Signals from the dish might raise concepts like:
- What are stars and planets?
- What is radiation?
- How far away are the stars?
- Why did our ancestors arrange stars in constellation patterns?
- Is there life in space and what do you think alien life might look like?
- What might a distant planet look like if you were to land on it?
Below are some fun and interesting facts to help you with your name for the Big Dish.
Fun Facts about the Big Dish:
- Radio telescopes work in the rain! Unlike optical telescopes, which need clear skies to operate, radio telescopes operate effectively in wet and stormy weather conditions.
- A dish almost the same size (34m) is operated for educational purposes by NASA!

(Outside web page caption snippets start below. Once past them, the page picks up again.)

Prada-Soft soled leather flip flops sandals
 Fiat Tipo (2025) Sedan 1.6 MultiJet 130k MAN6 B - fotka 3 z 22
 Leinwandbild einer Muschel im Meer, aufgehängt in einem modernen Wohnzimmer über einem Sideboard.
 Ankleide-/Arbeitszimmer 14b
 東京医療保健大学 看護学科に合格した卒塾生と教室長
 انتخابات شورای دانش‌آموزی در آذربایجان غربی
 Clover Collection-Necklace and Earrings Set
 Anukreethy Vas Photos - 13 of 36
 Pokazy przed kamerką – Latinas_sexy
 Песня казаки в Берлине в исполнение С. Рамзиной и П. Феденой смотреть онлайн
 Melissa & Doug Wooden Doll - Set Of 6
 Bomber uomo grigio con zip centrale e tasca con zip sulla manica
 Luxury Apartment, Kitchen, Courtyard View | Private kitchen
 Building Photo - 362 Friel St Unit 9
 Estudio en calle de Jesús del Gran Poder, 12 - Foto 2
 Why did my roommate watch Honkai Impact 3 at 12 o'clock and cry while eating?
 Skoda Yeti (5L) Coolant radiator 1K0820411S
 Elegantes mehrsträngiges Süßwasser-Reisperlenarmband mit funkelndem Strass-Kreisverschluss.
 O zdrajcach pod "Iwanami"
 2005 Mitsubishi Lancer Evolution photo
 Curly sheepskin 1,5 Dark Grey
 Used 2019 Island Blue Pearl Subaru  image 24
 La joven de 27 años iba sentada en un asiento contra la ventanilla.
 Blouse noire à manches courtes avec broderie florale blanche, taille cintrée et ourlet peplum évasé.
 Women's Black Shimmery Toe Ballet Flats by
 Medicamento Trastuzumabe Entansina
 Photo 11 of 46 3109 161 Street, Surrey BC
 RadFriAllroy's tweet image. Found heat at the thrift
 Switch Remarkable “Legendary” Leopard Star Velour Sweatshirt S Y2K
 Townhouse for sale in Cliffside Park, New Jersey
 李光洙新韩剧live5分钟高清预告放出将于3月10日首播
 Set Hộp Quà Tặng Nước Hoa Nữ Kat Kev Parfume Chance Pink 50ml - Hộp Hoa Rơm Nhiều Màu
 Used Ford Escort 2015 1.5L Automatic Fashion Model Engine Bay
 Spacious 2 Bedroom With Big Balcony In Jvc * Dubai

- The world famous Arecibo Dish is a much bigger version of Ireland’s dish and starred in the James Bond movie Goldeneye.
- There are only a handful of these dishes worldwide; this is the only project of its kind in Ireland, and will be the largest radio telescope available for educational purposes in Europe.
- The 32m is a third the size of a football pitch or seven average cars laid end to end.
- The diameter of the Big Dish is the equivalent of 20 average sized 1st year students lying head to head.
The Science of the Big Dish:
- Radio telescopes work by detecting radiation, which is similar to the light we see with our eyes, but the wavelength of the radiation is millions of times longer than visible light and so is not visible to us, nor can we actually “hear” it with our ears. The radiation that is detected by the radiotelescope can be converted into sound, just as we convert the radio waves from satellites into pictures and sounds.
- The sound will represent an ear on the universe that operates 24/7, 365 days of the year. That’s a significant advantage of radio astronomy over optical.
- Radio telescopes can detect objects towards the edge of the observable universe. Even travelling at the speed of light (which is 300 million kilometres every second) it would take 10 billion years for the most distant signals to reach the 32m. This is a thousand trillion times the distance between the earth and moon.
- The 32metre antenna dish in use as a Deep Space Radio Telescope will be capable of detecting a host of cosmic phenomena including: emission of giant slow moving hydrogen clouds, the violent explosions of stars, eruptions of the solar surface and storms on Jupiter to the enormous galaxy-scale jets of quasars.